The Big Easy isn’t famous just for Mardi Gras. It also puts on a good show at Christmas time, with the French Quarter lit up and carollers singing in Jackson Square. The big attraction is the Celebration in the Oaks, as City Park is lit with hundreds of thousands of lights. But there are cathedral concerts, bonfires on the levees, and of course, lots of music. Local bartenders invent special drinks. And for food, don’t miss the special four-course Reveillon dinners, a tradition dating back to the 1800s.

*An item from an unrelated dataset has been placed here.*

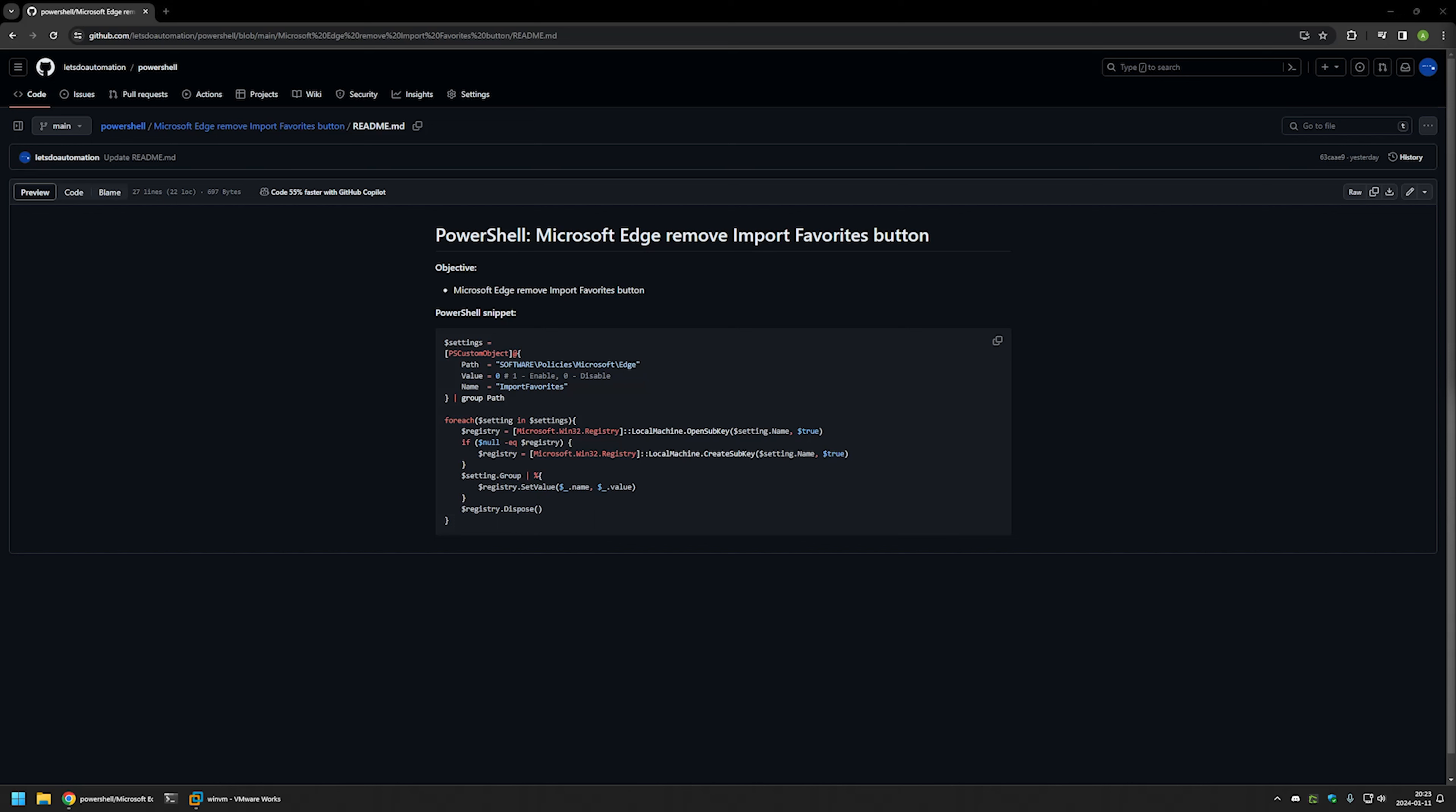In this video I'll be using PowerShell to remove the import favorites button in Microsoft Edge. I'm starting this video from my GitHub page and that's because there are a few bits of information here that I will be using for this video and I will leave the URL in the description down below.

Like Ireland, Scotland enjoys Christmas to the hilt, and its capital, Edinburgh, does it up right. There’s a holiday light show, including fireworks from Edinburgh Castle, and bagpipes play Amazing Grace around the Sir Walter Scott monument. There’s also the Street of Light celebration, as West George Street is covered in a canopy of light, synchronized to music from local choirs and bands. You can probably find some turkey for dinner, and there’ll be a dram of Scotch to whet your appetite.
Taos, New Mexico
If you’re looking for truly different Christmas, try this mountain town, which celebrates Christian, Jewish, Native American, Hispanic, and Winter Solstice traditions each December. The season kicks off with the lighting of Ledoux Street, which is decorated with glowing luminarias (paper lanterns). Add bonfires, reenactments of Mary and Joseph’s search for shelter (called posadas), and a dramatic Christmas Eve celebration by the local Pueblo Indians. And after all that, you can still go skiing.
And one more …
Christmas cruises have become a popular getaway – why not spend the big day visiting a Caribbean island, and let someone else cook Christmas dinner? The cruise lines get in the spirit, with decorations, Christmas trees and carollers – they even have menorahs for those celebrating Hanukkah. And there’s turkey, goose and mince pies for the big meal. Kids are out of school at Christmas, so a lot of families take these cruises. That means it may be a little noisy – but then, what’s Christmas without a few kids to get excited about it?
That’s a good selection of places to go if you’re going away for Christmas this year — or just thinking about it. Christmas is celebrated all over the world, so it’s possible to find some celebrations and holiday cheer in just about any country. A lot of veteran travellers have stories of celebrating with a camel ride in the desert, somewhere far, far away.
Going away for Christmas can cause a few sad moments when the day comes and you’re not with your family. One solution: bring them along. If that’s not possible, just make sure you’ve got good wi-fi — there’s always Skype.